GolfRobot Project: A Computer Vision and Robotics System
the 2nd of July, 2024
Introduction
As part of my software engineering degree, I participated in a team-based CDIO (Conceive, Design, Implement, Operate) project, where we designed and built an autonomous robot capable of collecting golf balls on a course using advanced image detection technology. This project spanned the entire system development lifecycle, requiring both hardware and software integration to solve real-world engineering challenges. We successfully developed the system, and the project was awarded top marks for its innovative design and technical execution.
Project Scope and Objective
The task was to design a fully autonomous robot prototype capable of efficiently navigating a mock driving range and collecting as many golf balls as possible in the shortest amount of time. The robot used image detection to identify white balls, obstacles (such as walls), and special target objects, which were table tennis balls in this prototype. A critical part of the task was ensuring that the robot could handle dynamic, real-world challenges like varying light conditions and irregular object placement.
My Contributions
- System Architecture & Software Development: My primary role was in the software development and architecture design.

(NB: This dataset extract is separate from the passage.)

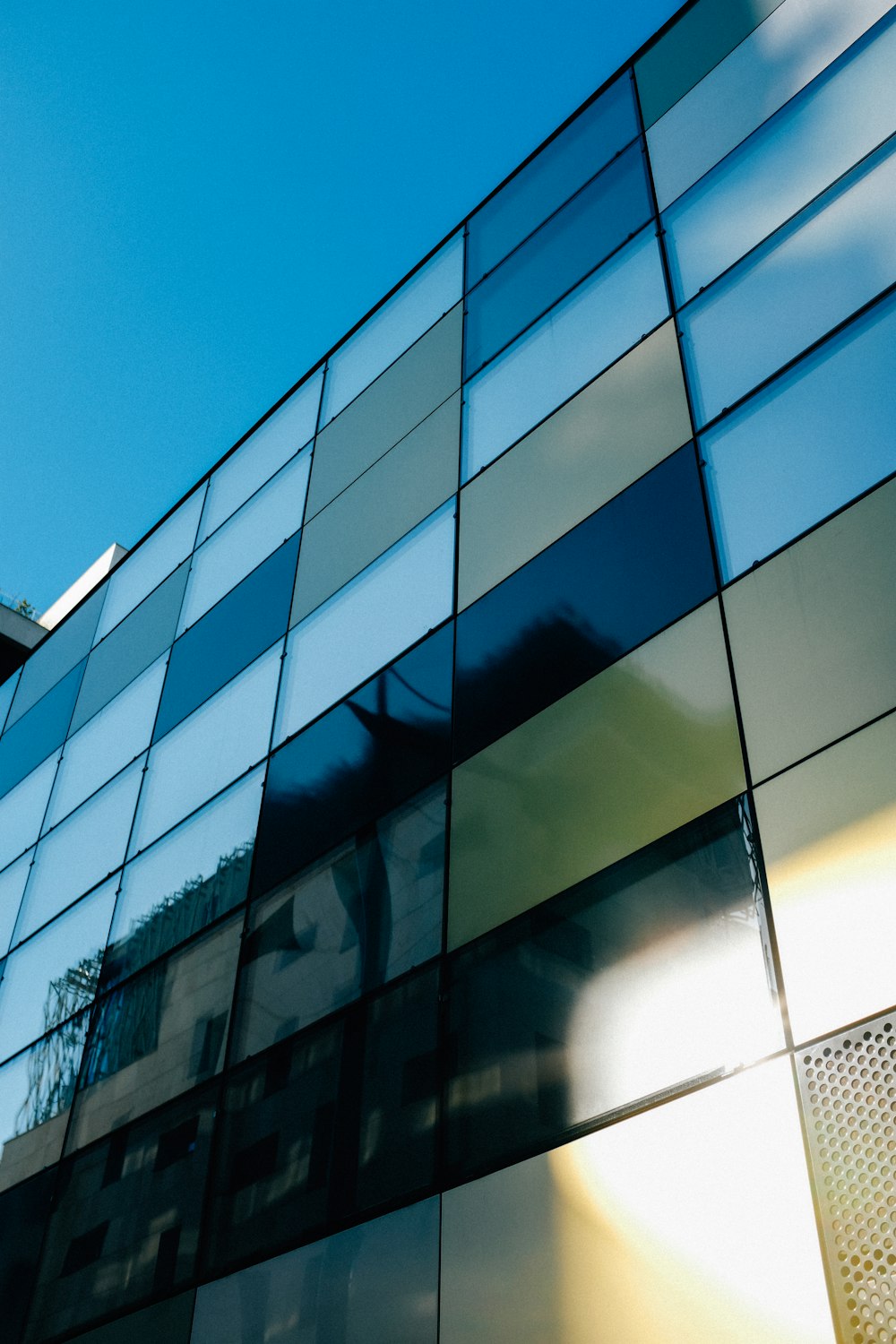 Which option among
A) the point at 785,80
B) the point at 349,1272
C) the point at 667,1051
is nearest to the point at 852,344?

Using OpenCV, I helped implemented real-time image detection to allow the robot to accurately locate balls, avoid obstacles, and navigate the field autonomously. The software was designed to convert image data into actionable navigation decisions, ensuring that the robot could adjust its path dynamically based on the positions of objects.
- Robot Control and Navigation: I helped developed the pathfinding logic for the robot, which calculated optimal routes for collecting balls and avoiding obstacles. By integrating ultrasonic sensors for proximity detection and creating a custom coordinate system, we were able to precisely measure distances and angles, allowing for fine-grained control of the robot’s movements. This required the development of advanced control algorithms to ensure accuracy, especially when the robot approached balls near the edges or corners of the field.
- Agile Project Management: Working as part of a team, we utilized Agile methodologies like Scrum to manage the project’s timeline and deliverables. I was involved in sprint planning, daily stand-ups, and task prioritization. Through continuous iterations and feedback loops, we were able to adapt to challenges, such as unexpected issues in sensor calibration or lighting conditions, and optimize the robot’s performance over time.
- Problem Solving & Iterative Design: Throughout the project, we faced several complex engineering challenges. One key issue was adjusting the robot’s image detection algorithms to function reliably under different lighting conditions. To solve this, we refine our detection techniques, applying color masking and contour analysis to ensure that the system could accurately identify objects even when the environment changed. Additionally, we iterated on the physical design of the robot’s ball-collection mechanism to handle edge cases, such as balls stuck in corners, enhancing its ability to gather all balls on the course.
- Precision Engineering & Hardware-Software Integration: My focus was also on the integration between hardware and software components. Using a combination of ultrasonic sensors and motor calibration, we ensured precise control over the robot's movements, especially for critical tasks like aligning with the balls and scoring them into a designated goal. The robot had to navigate the course autonomously, requiring continuous communication between the image detection system and the robot’s motor controllers, which I was responsible for developing.
- Testing & Validation: We performed extensive testing in both controlled and real-world environments to refine the robot’s performance. This included unit testing the individual software components, such as object detection and pathfinding algorithms, and full system integration tests where the robot was evaluated on its ability to collect balls and avoid obstacles. Our test framework ensured that the robot could function reliably even under unpredictable conditions.
Key Achievements
- Autonomous Navigation & Object Detection: The robot was able to autonomously detect and collect over 90% of the balls in our test environments, even in complex scenarios involving corner cases and varying lighting conditions.
- Real-Time Problem Solving: Our approach allowed the robot to dynamically re-plan its route in response to unexpected obstacles, utilizing a combination of image recognition and sensor data.
- System Robustness: By developing robust error-handling mechanisms, such as fallback strategies in case of sensor or image detection failures, the robot was able to continue operating even in suboptimal conditions.
Final Outcome and Reflection
The project was a significant success, with our robot performing effectively during competition day. Although we encountered unforeseen edge cases, such as difficulties in detecting specific objects under certain lighting conditions, we adapted quickly and developed workarounds to ensure the robot could still complete its objectives. Our final report received high praise for its technical depth, and we were awarded top marks for both our teamwork and our ability to deliver a well-rounded and innovative solution.
Through this project, I gained extensive hands-on experience in software development, system integration, and robotics, honing my ability to solve complex engineering problems and work efficiently within a team environment. This project is a testament to my capability to manage the entire product development cycle and deliver high-quality engineering solutions.